Betreuungsbonus nach Vollendung des dritten Lebensjahres eines zu betreuenden Kindes?

Was wurde vor der Unterhaltsreform um den Betreuungsbonus gestritten: Frauen, die minderjährige Kinder betreuten und zusätzlich mehr arbeiteten, als sie nach dem damaligen Altersphasenmodell gemußt hätten, wurden nur ein Teile ihrer Einkünfte bei der Unterhaltsberechnung angerechnet. Ein Teil der Einkünfte, eben jener Betreuungsbonus, blieb anrechnungsfrei außen vor.

Das gab regelmäßig Streit, weil die Männer dies nicht nachvollziehen konnten; denn die Frauen zeigten doch, dass Betreuung und Erwerbstätigkeit durchaus miteinander vereinbar waren. Gerade Unternehmer und Selbständige, also Personengruppen, die ohnehin viel arbeiten (müssen), vermochten dies kaum nachzuvollziehen. Die Gerichte aber sprachen den Betreuungsbonus regelmäßig mit der Begründung zu, Arbeit plus Alleinerziehung sei eben eine Mehrbelastung, die einen solchen Bonus als Ausgleich rechtfertige.

Und nun scheint alles anders! Die Unterhaltsreform, die sich langsam auch bei den Gerichten ihren Weg bahnt, hat nun genau diese alte Argumentation der Männer bestätigt, also eine 180 Grad Kehrtwende vollzogen. So hat jüngst das OLG Düsseldorf, immerhin ein Oberlandesgericht, dessen Rechtsprechung sich in Familiensachen stets besonderer Beachtung erfreut, genau das entschieden. Die tatsächliche Ausübung einer Berufstätigkeit neben der Betreuung eines Kindes nach Vollendung des dritten Lebensjahres, indiziert die Vereinbarkeit der Tätigkeit mit den Belangen des Kindes. Der Abzug eines Betreuungsbonus oder eine Teilanrechnung der tatsächlich erzielten Einkünfte kommt deshalb im Regelfall nicht in Betracht.

Aber genau diese Argumentation wurde zuvor jahrelang als falsch eingestuft, obwohl der Vorrang oder Grundsatz der nachehelichen Eigenverantwortung beim Unterhalt keine Erfindung der Unterhaltsreform ist.
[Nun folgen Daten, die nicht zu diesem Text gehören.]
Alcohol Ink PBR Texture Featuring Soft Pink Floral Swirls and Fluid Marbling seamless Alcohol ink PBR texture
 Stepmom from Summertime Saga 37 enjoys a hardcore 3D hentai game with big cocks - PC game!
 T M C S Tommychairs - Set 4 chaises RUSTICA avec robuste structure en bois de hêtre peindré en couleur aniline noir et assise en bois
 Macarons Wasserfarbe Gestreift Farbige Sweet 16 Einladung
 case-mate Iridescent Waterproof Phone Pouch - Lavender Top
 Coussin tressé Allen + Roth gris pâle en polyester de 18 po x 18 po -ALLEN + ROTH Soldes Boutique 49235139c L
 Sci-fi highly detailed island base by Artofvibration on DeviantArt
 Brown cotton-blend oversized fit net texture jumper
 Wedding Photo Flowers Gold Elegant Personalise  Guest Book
Denn den gab es schon davor, nur hatte ihn die Rechtssprechung von der Regel zur Ausnahme deklassiert.

Mit Genugtuung dürften daher all jene die vorgenannte Entscheidung aufgenommen haben, die den Betreuungsbonus schon immer für verfehlt gehalten haben. Die Entscheidung zeigt allerdings auch, dass die Rechtsprechung bisweilen deutliche Impulse von außen braucht, wie hier die Unterhaltsreform vom 1.1.2008, um ihre eigene Spruchpraxis kritisch daraufhin zu überprüfen, ob sie den sich stetig verändernden gesellschaftlichen Verhältnissen noch gerecht wird.

Für die Unterhaltsschuldner, meist die Männer ein positives Signal und aus meiner Sicht ein längst überfälliges. Und noch ein Wort zur Mehrbelastung durch Arbeit und Kindesbetreuung: Vielleicht sollten die Frauen und Gerichte in diesem Zusammenhang einmal die Angebote vieler unterhaltszahlenden Väter, sich verstärkt an der Kindesbetreuung zu beteiligen, wohlwollender prüfen und berücksichtigen. Denn auch das war für mich nie ganz verständlich. Das Angebote der Väter, sich hier verstärkt in der Kindebetreuung zu engagieren und die Mütter zu entlasten, regelmäßig abgelehnt wurden, und es für die Mütter dann auch noch einen Betreuungsbonus gab. Hier besteht noch allseits großer Bedarf, die Rechtswirklichkeit an die veränderte Lebenswirklichkeit mit sich stetig veränderten Anforderungen an Arbeit, Schule und Kindesbetreuung anzupassen.